Widespread theft costing Canada’s retail industry dearly: experts

Technology
Published 29.05.2024
Widespread theft costing Canada’s retail industry dearly: experts


The Retail Council of Canada desires to place a cease to widespread theft inside the retail trade.


“Retail crime contributed about $5 billion in losses across Canada,” Retail Council of Canada Loss Prevention and Risk Manager Rui Rodrigues mentioned in an interview with CTV National News. Rodrigues mentioned these numbers are from pre-pandemic, and sure larger now.


Retail trade leaders are assembly this week to seek out options to reduce theft.


“Theft amounts to roughly 1.8 per cent of all retail revenues in the country.”


Stealing from retail shops in Canada has gone on for a very long time, in quite a lot of methods, however Rodrigues mentioned the issue is worse now than it has ever been.


“General shoplifting happens quite often and group theft is a growing problem,” he mentioned, as he described the apply of enormous numbers of thieves blitzing shops and leaving with giant quantities of stolen merchandise. “They are literally filling shopping carts and bags full of merchandise.”


Rodrigues mentioned organized crime is a rising concern, with gadgets stolen earlier than they even get to shops.


“Trailers stolen from yards, in transport, there is definitely an increase of that as well,” he mentioned.


Sylvain Charlebois agrees. Charlebois is a professor at Dalhousie University and director of the college’s Agri-Food Analytics Lab. He mentioned theft of retail meals has additionally escalated over the previous 5 years.


“Organized crime is a big problem,” Charlebois mentioned. “Sometimes you have internal employees involved and these thefts will probably include thousands of dollars of food product.”


The retail shops sector is presently working with legislation enforcement to handle the problem, in keeping with Rodrigues.


Store operators are additionally deploying new methods similar to elevated and better-trained safety personnel and high-tech surveillance instruments.
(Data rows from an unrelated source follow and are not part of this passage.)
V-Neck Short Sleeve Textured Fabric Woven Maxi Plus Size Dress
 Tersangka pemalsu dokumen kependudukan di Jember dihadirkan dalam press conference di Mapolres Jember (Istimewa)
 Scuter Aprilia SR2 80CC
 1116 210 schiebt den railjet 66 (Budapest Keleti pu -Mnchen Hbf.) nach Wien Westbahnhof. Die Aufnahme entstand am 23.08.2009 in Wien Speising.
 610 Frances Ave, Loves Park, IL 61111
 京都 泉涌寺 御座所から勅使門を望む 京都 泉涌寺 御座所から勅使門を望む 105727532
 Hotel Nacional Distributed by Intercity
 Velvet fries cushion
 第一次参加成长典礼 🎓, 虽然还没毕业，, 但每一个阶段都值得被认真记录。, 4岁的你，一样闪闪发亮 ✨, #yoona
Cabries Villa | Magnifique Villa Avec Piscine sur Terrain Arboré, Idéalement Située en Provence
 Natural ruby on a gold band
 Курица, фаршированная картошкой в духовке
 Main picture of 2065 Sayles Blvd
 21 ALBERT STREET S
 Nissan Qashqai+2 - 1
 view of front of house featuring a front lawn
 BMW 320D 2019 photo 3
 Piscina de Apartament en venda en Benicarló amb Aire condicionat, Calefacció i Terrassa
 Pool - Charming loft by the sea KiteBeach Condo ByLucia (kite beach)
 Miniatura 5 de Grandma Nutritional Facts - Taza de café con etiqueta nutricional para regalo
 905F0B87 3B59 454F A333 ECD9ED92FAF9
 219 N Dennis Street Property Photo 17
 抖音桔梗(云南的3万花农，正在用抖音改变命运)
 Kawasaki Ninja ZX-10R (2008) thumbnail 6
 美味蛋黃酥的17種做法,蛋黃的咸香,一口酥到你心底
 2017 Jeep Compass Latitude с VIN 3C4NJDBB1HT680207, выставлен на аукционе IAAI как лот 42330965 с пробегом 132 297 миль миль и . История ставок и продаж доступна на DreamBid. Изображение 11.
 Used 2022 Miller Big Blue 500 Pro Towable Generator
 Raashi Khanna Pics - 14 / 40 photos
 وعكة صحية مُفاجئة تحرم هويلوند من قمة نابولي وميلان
“It could come down to the physical design of the store and where the high value stuff is, in relation to the exit,” mentioned CTV News Public Safety Analyst and Former OPP Commissioner Chris Lewis.


“Most of the stores want it up front, so people see it when they come in. That is part of their advertising. But in other cases, they are moving items and putting them into places that makes it harder to get them out of the door.”


Lewis mentioned there are different confirmed methods to discourage thieves, like catching them within the act and delivering strict punishment by way of legislation enforcement and the courts.


The Retail Council of Canada is presently engaged on a retail crime report that can spotlight how a lot cash retailers at the moment are dropping attributable to theft.